Problem requirements — Only the stretch below from the line holding "Songs Bingo Card" through the line holding "Sea-Green color luxurious" should be restated, word for word and with both ends included; pictures stay out.

Data for processing —
--- START ---

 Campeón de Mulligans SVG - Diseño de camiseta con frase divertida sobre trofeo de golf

--- END ---
--- START ---

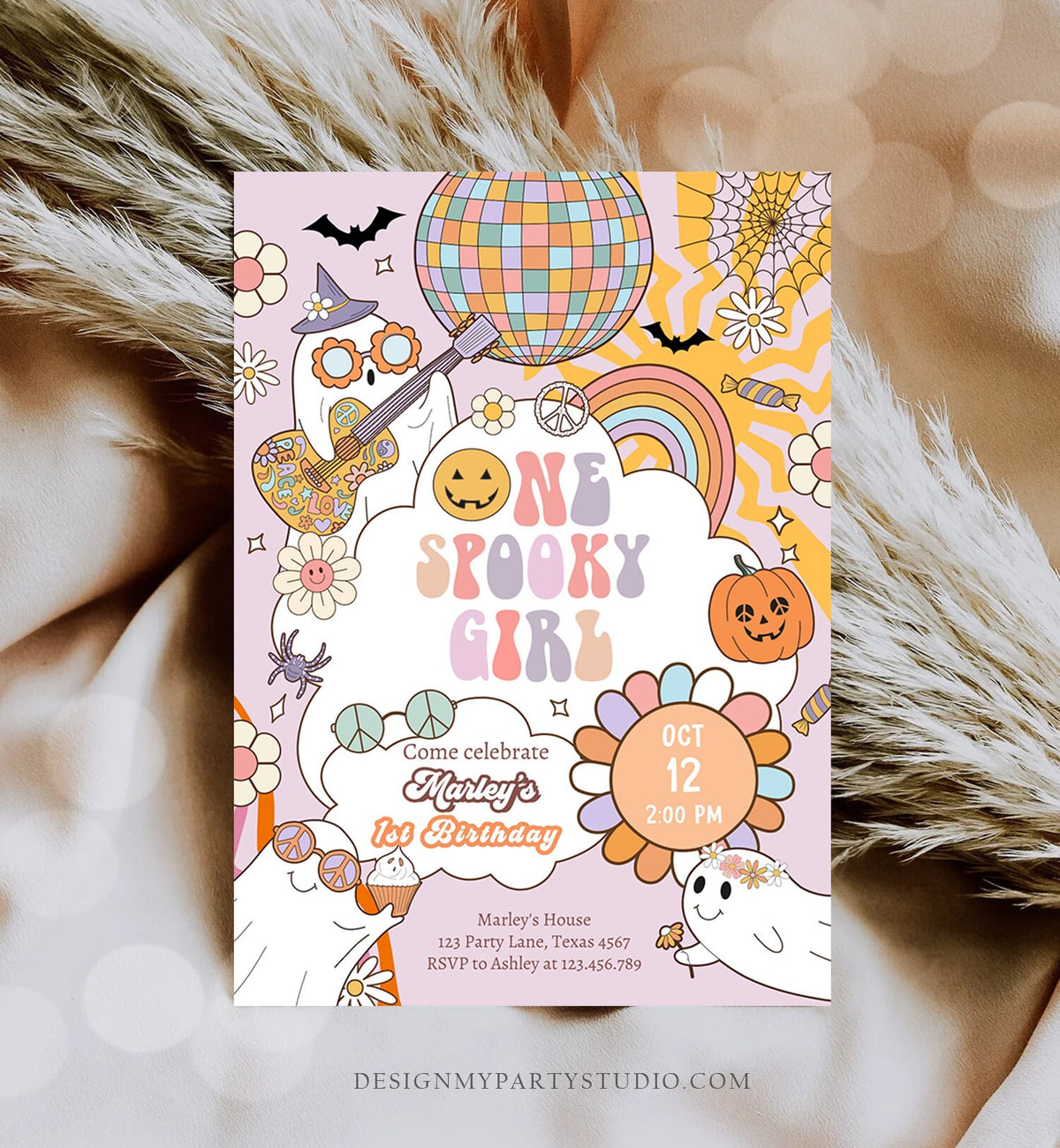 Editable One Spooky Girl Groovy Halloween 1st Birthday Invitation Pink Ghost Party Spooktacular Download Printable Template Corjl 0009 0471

--- END ---
--- START ---

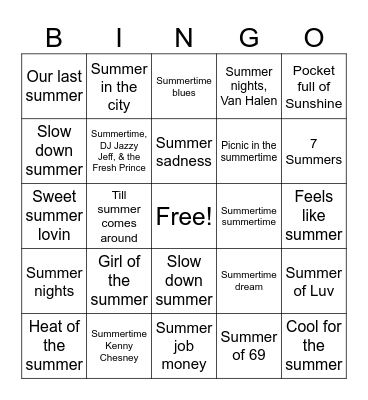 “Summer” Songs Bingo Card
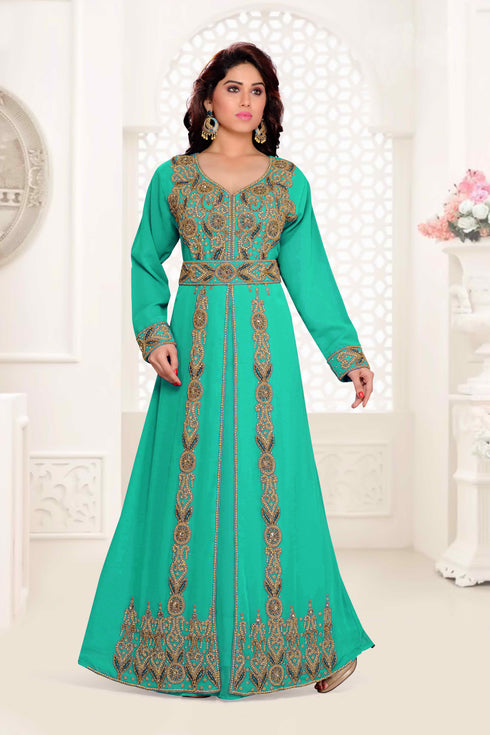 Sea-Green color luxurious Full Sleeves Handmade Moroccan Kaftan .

--- END ---

Exercise output —
 “Summer” Songs Bingo Card
 Sea-Green color luxurious Full Sleeves Handmade Moroccan Kaftan .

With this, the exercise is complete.